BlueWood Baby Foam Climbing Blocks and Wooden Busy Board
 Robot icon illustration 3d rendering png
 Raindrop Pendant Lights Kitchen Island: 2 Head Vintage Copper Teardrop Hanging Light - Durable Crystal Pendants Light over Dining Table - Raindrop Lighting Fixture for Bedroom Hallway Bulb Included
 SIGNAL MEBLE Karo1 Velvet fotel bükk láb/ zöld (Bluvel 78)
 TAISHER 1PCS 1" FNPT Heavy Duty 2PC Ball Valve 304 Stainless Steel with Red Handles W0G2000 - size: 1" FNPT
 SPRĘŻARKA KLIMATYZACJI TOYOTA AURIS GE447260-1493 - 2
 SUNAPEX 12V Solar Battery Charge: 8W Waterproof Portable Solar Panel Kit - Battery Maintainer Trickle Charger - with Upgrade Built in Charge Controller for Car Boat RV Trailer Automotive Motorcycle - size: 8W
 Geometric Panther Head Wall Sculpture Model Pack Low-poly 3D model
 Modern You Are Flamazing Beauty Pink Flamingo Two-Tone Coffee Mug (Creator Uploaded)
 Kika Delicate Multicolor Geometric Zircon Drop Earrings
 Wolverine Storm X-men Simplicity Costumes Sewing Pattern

- [Exercise prompt]:
Write out all of the records above exactly as they appear.

- [Written reply]:
BlueWood Baby Foam Climbing Blocks and Wooden Busy Board
 Robot icon illustration 3d rendering png
 Raindrop Pendant Lights Kitchen Island: 2 Head Vintage Copper Teardrop Hanging Light - Durable Crystal Pendants Light over Dining Table - Raindrop Lighting Fixture for Bedroom Hallway Bulb Included
 SIGNAL MEBLE Karo1 Velvet fotel bükk láb/ zöld (Bluvel 78)
 TAISHER 1PCS 1" FNPT Heavy Duty 2PC Ball Valve 304 Stainless Steel with Red Handles W0G2000 - size: 1" FNPT
 SPRĘŻARKA KLIMATYZACJI TOYOTA AURIS GE447260-1493 - 2
 SUNAPEX 12V Solar Battery Charge: 8W Waterproof Portable Solar Panel Kit - Battery Maintainer Trickle Charger - with Upgrade Built in Charge Controller for Car Boat RV Trailer Automotive Motorcycle - size: 8W
 Geometric Panther Head Wall Sculpture Model Pack Low-poly 3D model
 Modern You Are Flamazing Beauty Pink Flamingo Two-Tone Coffee Mug (Creator Uploaded)
 Kika Delicate Multicolor Geometric Zircon Drop Earrings
 Wolverine Storm X-men Simplicity Costumes Sewing Pattern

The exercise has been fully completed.